С утра я опять поехала к императрице-матери; мы говорили обо всем, что могло произойти; после 10 часов мы опять пошли в церковь, снова те же молитвы, снова под конец вызвали Николая. Ах, на этот раз он так долго не возвращался! Непередаваемый страх охватил нас. Я была одна с матушкой, она отправила даже камердинера, чтобы скорей получить известия; я стояла около стеклянной двери; наконец, я увидела Рюля; по тому, как он шел, нельзя было ожидать ничего хорошего. Выражение его лица досказало все. Свершилось! Удар разразился! Матушка стояла с одной стороны, я — с другой. Николай вошел и упал на колени; я чуть было не лишилась сознания, но пересилила себя, чтобы поддержать бедную матушку. Она открыла дверь, которая ведет к алтарю, и прислонилась к ней, не произнеся ни слова. Она приложилась к распятию, которое ей протянул священник, я тоже поцеловала крест нашего Спасителя, который один может даровать утешение. Войдя к себе в комнату, она села; мы прочли письма бедной императрицы Елизаветы, несчастнейшей из всех женщин на земле. Николай должен был тотчас же удалиться, чтобы принести присягу. О, сколь достойны сожаления мужчины в подобные минуты! А он в особенности! И как благородно он держал себя, как все на него дивились! Он распорядился принести Константину присягу, несмотря на то, что в Совете было вскрыто завещание государя, где находилась бумага, в которой Константин формально передавал свои права наследования своему брату Николаю. Все устремились к нему, указывая на то, что он имеет право, что он должен его принять; но так как Константин никогда не говорил с ним об этом и никогда не высказывался по этому поводу в письмах, то он решил поступить так, как ему приказывала его совесть и его долг: он отклонил от себя эту честь и это бремя, которое, конечно, все же через несколько дней падет на него.

29 ноября 1825 г.

Милая императрица-мать была для моего Николая большой поддержкой.
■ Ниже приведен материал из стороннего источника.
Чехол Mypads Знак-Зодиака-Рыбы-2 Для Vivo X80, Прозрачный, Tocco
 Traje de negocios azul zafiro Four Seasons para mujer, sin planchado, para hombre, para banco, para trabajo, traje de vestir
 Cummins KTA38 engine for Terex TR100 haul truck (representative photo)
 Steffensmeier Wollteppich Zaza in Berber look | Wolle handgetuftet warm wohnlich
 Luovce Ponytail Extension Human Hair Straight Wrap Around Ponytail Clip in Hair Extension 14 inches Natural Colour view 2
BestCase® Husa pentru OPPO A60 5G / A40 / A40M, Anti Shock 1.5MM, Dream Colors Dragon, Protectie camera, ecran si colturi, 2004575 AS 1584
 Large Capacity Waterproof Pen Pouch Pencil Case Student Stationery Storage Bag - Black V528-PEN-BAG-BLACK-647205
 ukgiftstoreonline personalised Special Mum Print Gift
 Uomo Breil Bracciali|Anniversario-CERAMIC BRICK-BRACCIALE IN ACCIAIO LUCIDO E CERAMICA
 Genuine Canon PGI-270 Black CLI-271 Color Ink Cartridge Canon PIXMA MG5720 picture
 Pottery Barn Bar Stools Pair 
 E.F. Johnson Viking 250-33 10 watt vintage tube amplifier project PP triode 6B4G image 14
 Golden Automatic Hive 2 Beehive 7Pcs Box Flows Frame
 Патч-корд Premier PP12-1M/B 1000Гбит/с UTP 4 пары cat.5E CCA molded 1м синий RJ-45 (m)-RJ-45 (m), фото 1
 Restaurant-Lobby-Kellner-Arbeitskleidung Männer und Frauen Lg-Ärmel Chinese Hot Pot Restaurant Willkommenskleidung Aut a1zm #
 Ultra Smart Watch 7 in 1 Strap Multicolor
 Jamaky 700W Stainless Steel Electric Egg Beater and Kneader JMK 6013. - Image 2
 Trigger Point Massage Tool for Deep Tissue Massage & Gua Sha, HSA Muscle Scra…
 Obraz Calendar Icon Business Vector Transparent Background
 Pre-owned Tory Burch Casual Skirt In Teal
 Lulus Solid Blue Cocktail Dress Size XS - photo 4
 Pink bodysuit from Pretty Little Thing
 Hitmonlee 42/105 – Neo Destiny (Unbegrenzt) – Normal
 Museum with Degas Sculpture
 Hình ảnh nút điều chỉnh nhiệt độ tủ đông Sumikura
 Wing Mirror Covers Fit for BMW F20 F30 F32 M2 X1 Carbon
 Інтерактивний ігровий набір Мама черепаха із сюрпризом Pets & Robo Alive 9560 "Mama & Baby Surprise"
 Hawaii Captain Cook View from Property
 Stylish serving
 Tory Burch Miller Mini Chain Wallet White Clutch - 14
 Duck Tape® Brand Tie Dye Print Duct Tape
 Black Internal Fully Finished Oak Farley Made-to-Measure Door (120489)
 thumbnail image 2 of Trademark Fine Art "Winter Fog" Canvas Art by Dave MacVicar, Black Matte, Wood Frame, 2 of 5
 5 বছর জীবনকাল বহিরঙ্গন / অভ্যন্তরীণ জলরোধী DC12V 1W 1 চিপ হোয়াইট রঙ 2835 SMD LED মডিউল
Как она совладала с собой в момент, когда самое дорогое было у нее отнято; как она сохранила ясность мысли, как горячо сочувствовало ее материнское сердце ее сыну Николаю, положение которого в это время было так необычайно трудно! Все устремились к нему, убеждая его в том, что он должен принять царствование, даже его мать пыталась вначале склонить его к этому.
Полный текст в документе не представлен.